Speaking at the Tokyo International Film Festival in 2014, actor and director Takeshi Kitano said that the major studios — specifically Toho, Toei, Shochiku “and sometimes Nikkatsu” — “pass (the awards) around” among themselves, while mostly shutting out independents.

How does Kitano think they pull it off? The Japan Academy has a special voting category for so-called sanjo hōjin (supporting corporations), with the employees of the major film studios accounting for many of the category’s nearly 1,500 members. Since the total voting membership, including directors and actors, is around 4,000, the majors, whose employees presumably vote for their own company’s products, can’t dictate the results, but their clout is significant.

Public criticism of the Japan Academy by as big a name as Kitano is rare, likely because celebrities and the agencies that represent them would rather work with the majors than against them. At the same time, frenetic Hollywood-style awards season PR campaigns are conspicuous here by their absence. If the fix is in, as Kitano has claimed, they don’t really need to expend the effort.
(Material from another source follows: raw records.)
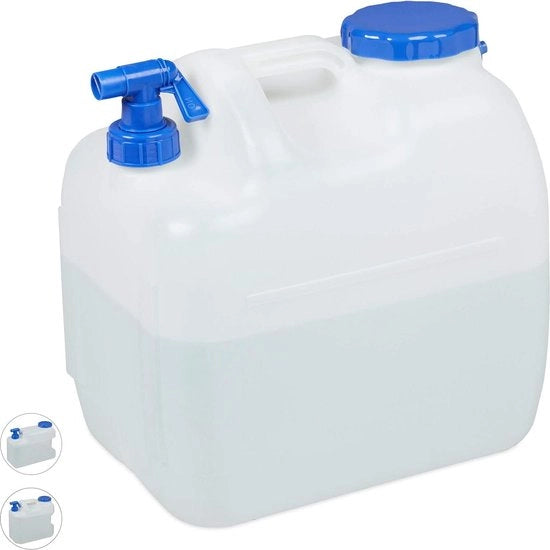 Cisterna da campeggio con chiusura a vite e manigliona - 23 litri - BPA libero - per uso esterno e giardino - bianco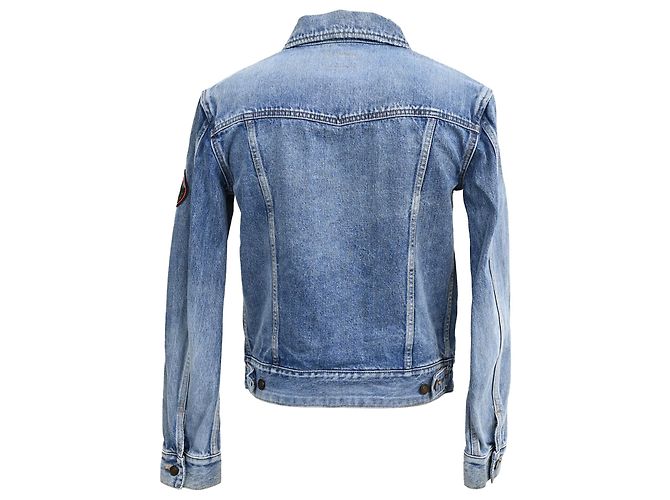 Giacca Classica Saint Laurent in Denim Blu Chiaro - vista 3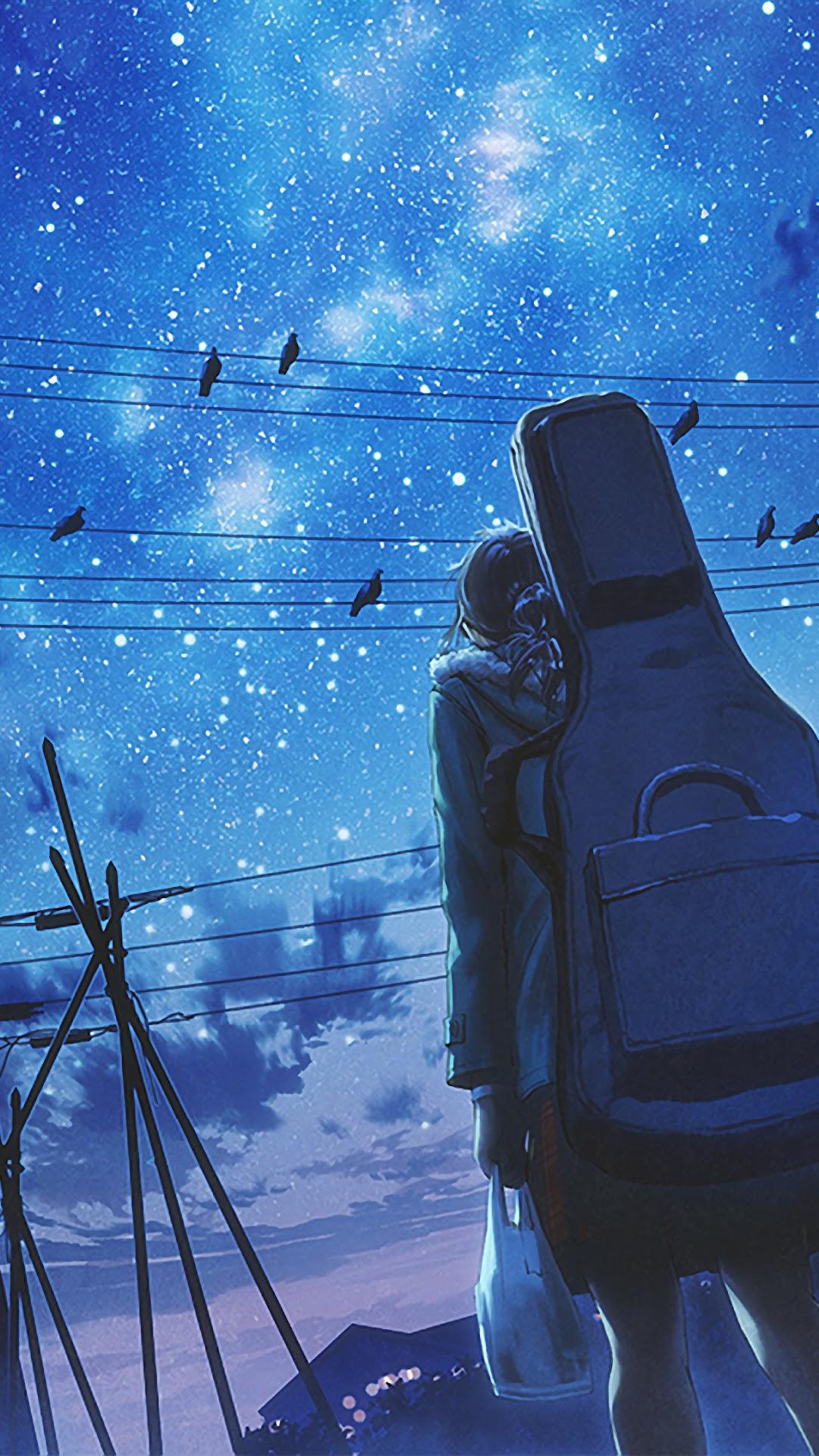 1080x1920 Anime, Girl, Night, Sky, Stars phone HD Wallpaper, Image, Background, Photo and Picture. Mocah HD Wallpaper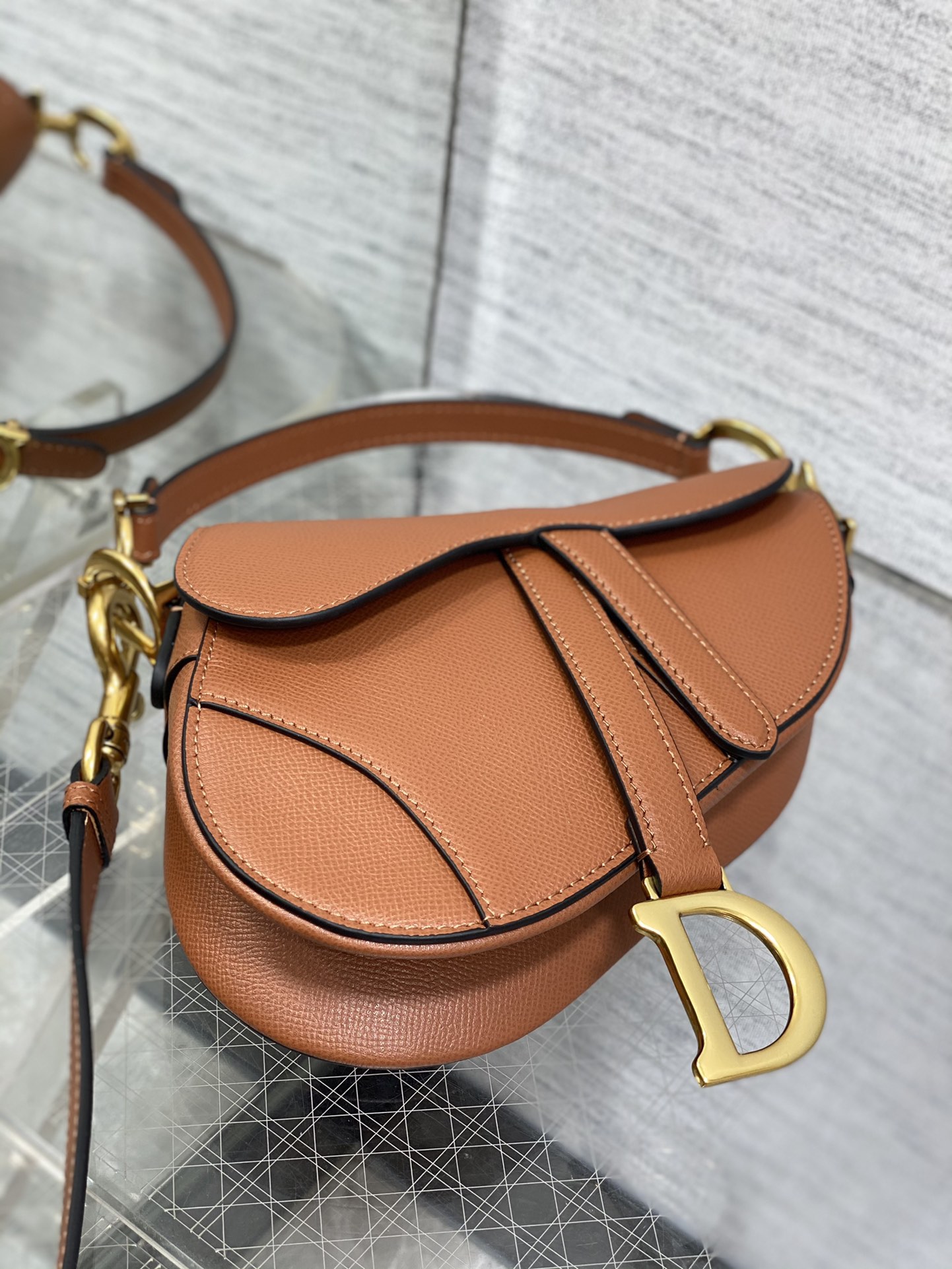 Dior Small Saddle Bag in Caramel Calfskin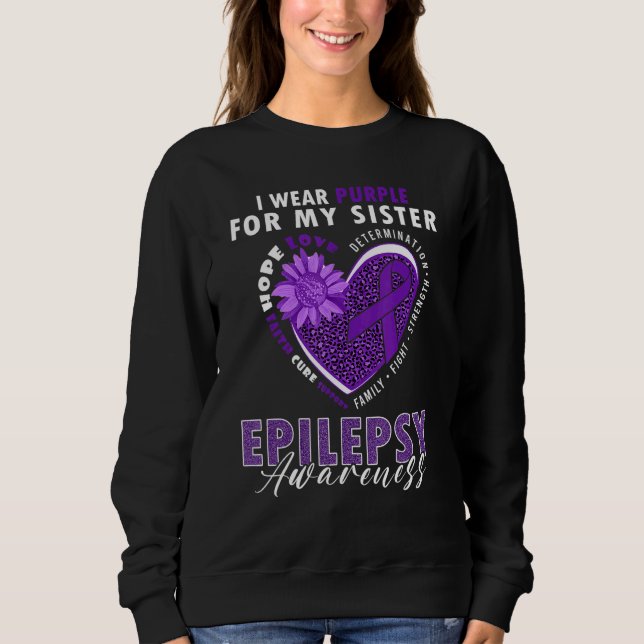 Camiseta I Wear Purple For My Sister Epilepsy Awareness Sup (Frente)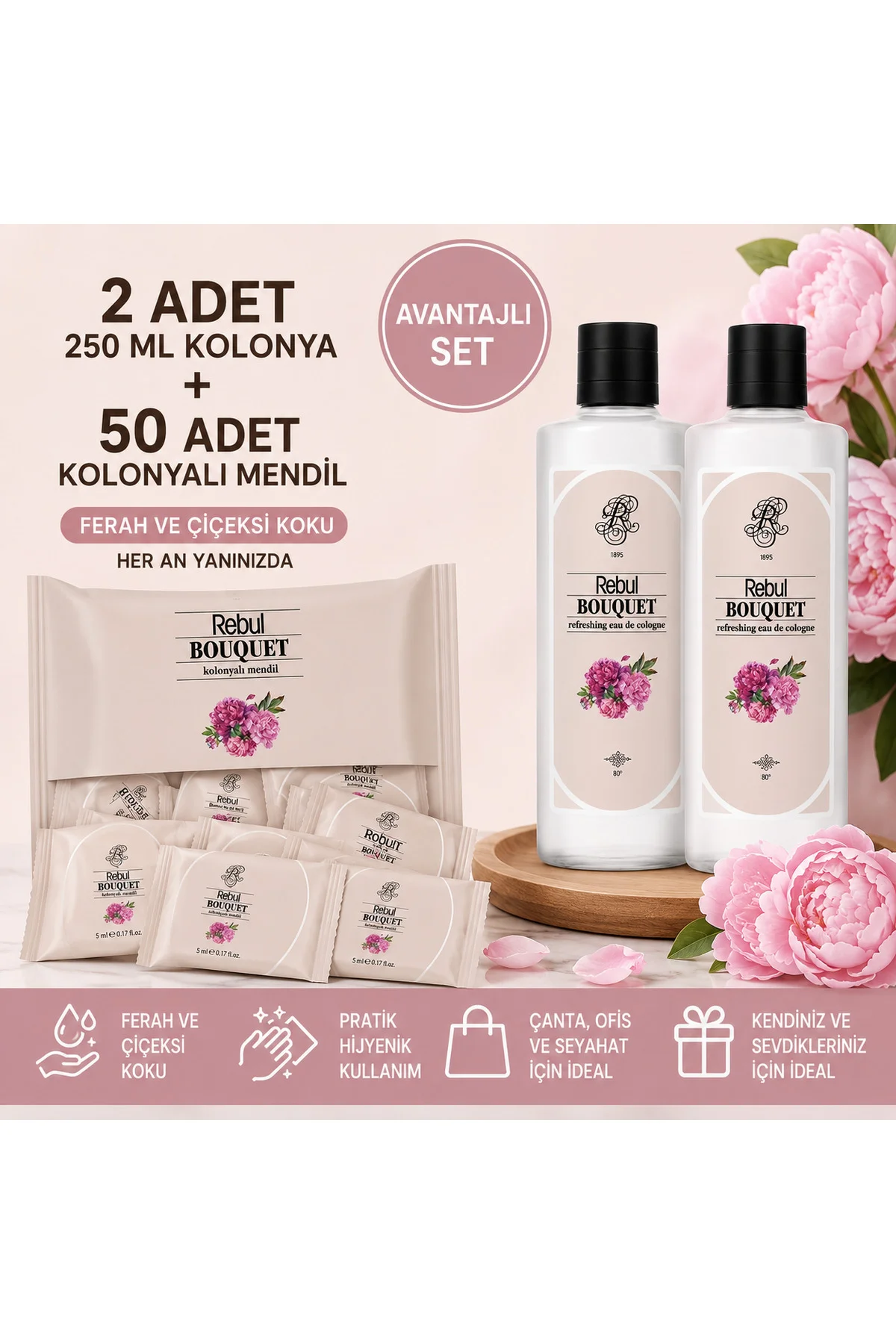 Bouquet 2x250 ml Cam Şişeli Kolonya + 50 Adet Bouquet Kolonyalı Mendil Avantajlı Set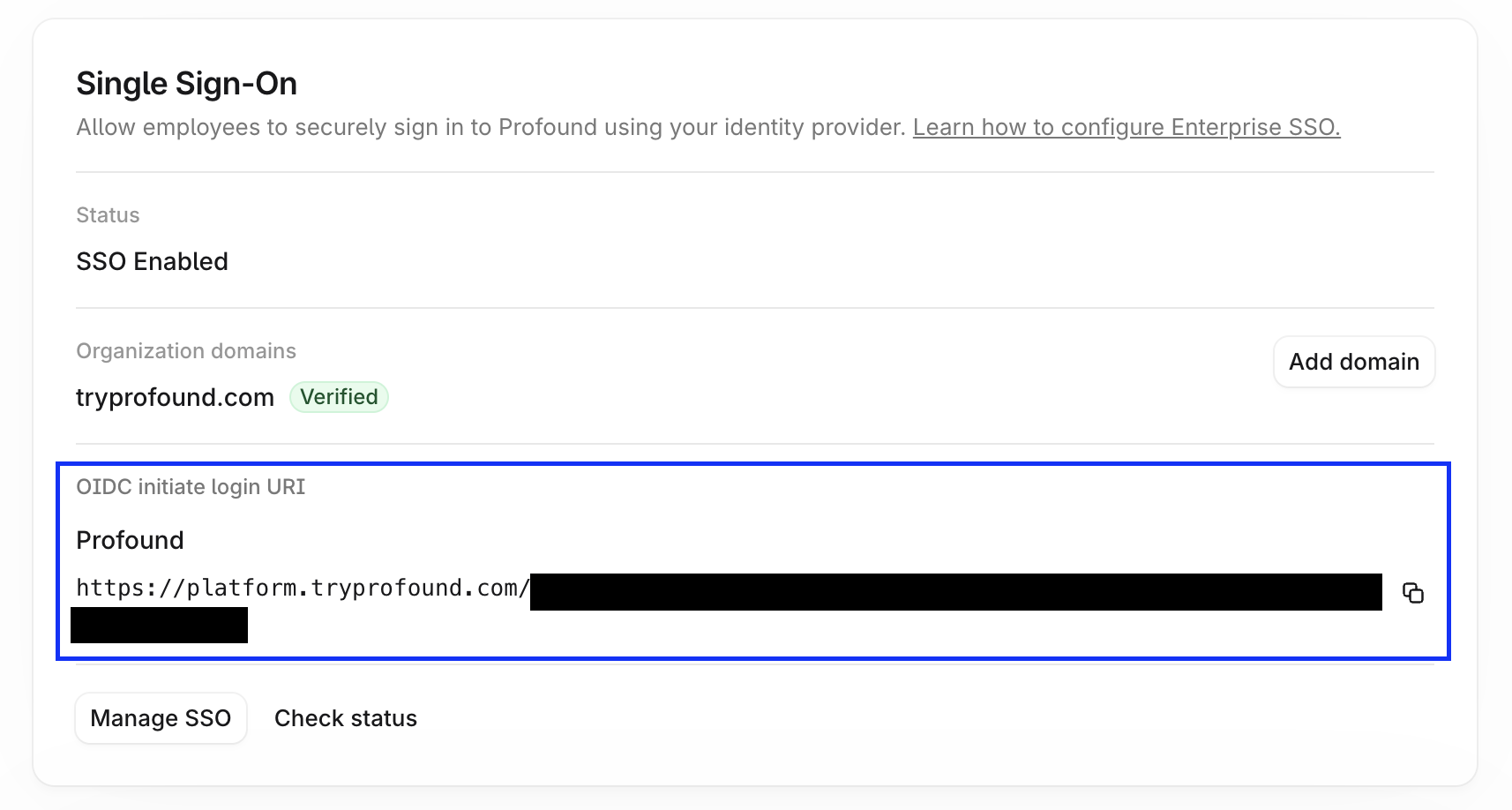Single Sign-On card on the Enterprise Setup page with the OIDC initiate login URI highlighted. The URI shows the Profound platform domain, and the rest of the address is redacted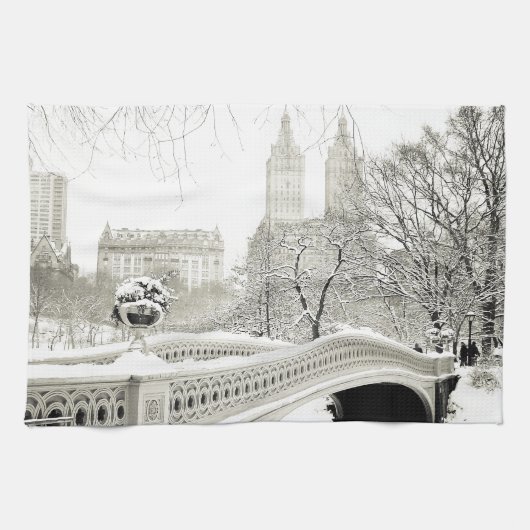 Linge De Cuisine Hiver de Central Park - neige sur le pont d'arc (Horizontal)
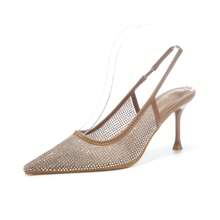 女士尖头水钻高跟凉鞋时尚高跟鞋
This year’s Japan Academy Prizes will be awarded in 21 categories. The two films with the most nominations — at 10 each, including best picture — are Hirokazu Kore-eda’s legal drama “The Third Murder” and Masato Harada’s period actioner “Sekigahara.” Both were released by major distributors: Toho and Gaga for Kore-eda’s film, Toho and Asmik Ace for Harada’s. Neither are the sort of populist fare that have scooped large numbers of nominations in the past, though.

Arguably, the more prestigious awards in Japan’s film world are the Kinema Junpo Best Ten prizes, which were handed out this year on Feb. 12. Awarded since 1926 by Kinema Junpo, Japan’s oldest film magazine, these prizes are currently based on a poll of about 120 critics, journalists and editors. Kinema Junpo also selects top 10 lists for Japanese and foreign films.

Some Japan Academy Prize nominees end up on the Kinejun top 10 lists, but there’s typically not much overlap. Out of the five Japan Academy best picture nominees this year, only “The Third Murder” made it to the Kinejun Best Ten. On the other hand, the magazine’s best Japanese film of 2017, Nobuhiko Obayashi’s wartime drama “Hanagatami,” received zero Japan Academy nominations.

Even more out of synch with the Japan Academy prizes are the Best Ten and Worst Ten polls conducted annually by Eiga Geijutsu, a magazine edited by veteran scriptwriter Haruhiko Arai. However, media attention for those focuses on the list of so-called duds — which inevitably include films that were showered with praise at overseas festivals. Last year, Eiga Geijutsu picked “The Third Murder” as its worst of the worst. The runner-up? “Sekigahara.”